Margot Sanger-Katz from the NY Times flags an interesting pre King vs. Burwell Republican plan that is actually interesting in a non-sarcastic manner.
The Cassidy Obamacare “replace” plan is interesting: Keeps most of Obamacare, but devolves indiv. market to states. https://t.co/C55kRF0akW
— Margot Sanger-Katz (@sangerkatz) January 17, 2017
Section 101 is the three options a state has if the Supreme Court ruled in favor of the fabulist argument advanced in King. Option 1 would be to stay under PPACA and establish a state based exchange. Option 2 would be a complete withdrawal from PPACA with no subsidies. Option 3 would be to establish a HSA like equivilent of coverage with most of the regulator requirements, taxes and mandates of PPACA thrown out. This is actually interesting if the funding makes sense. The default assumption is a complete opt-out. States would have to to opt into either Option 1 or Option 3.

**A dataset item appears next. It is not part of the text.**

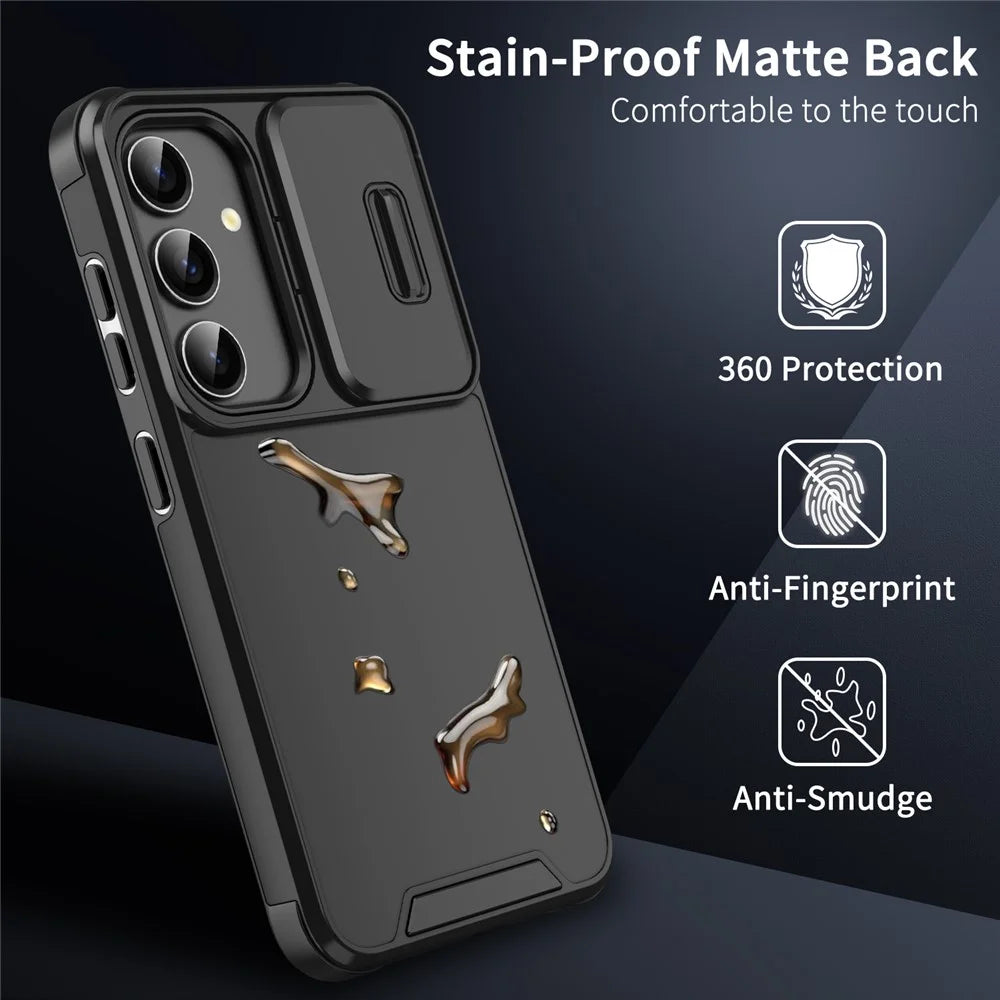 For Samsung Galaxy A15 4G / A15 5G Cell Phone Case Slide Camera Shield PC+TPU Bump Proof Cover - Black - 6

Section 102 talks about the state alternative with HSA. It wipes out mandates and federal regulation. Essential health benefits, minimal actuarial value coverage and other regulatory requirements of PPACA that define a qualified health plan also are junked in this section. 102-4-A authorizes an initial HSA grant and the rest of 102-4 describes the mechanics of that grant. 102-C establishes a public health block grant that is 2% of the eligible funds for the HSA.
Section 103 determines the size of the HSA subsidy. This is where the money matters. The HSA amount is age and geography adjusted which is very similar in function as the ACA benchmark Silver is determined by zip code and age of the recipient. Bingo — 103-1-B is good news.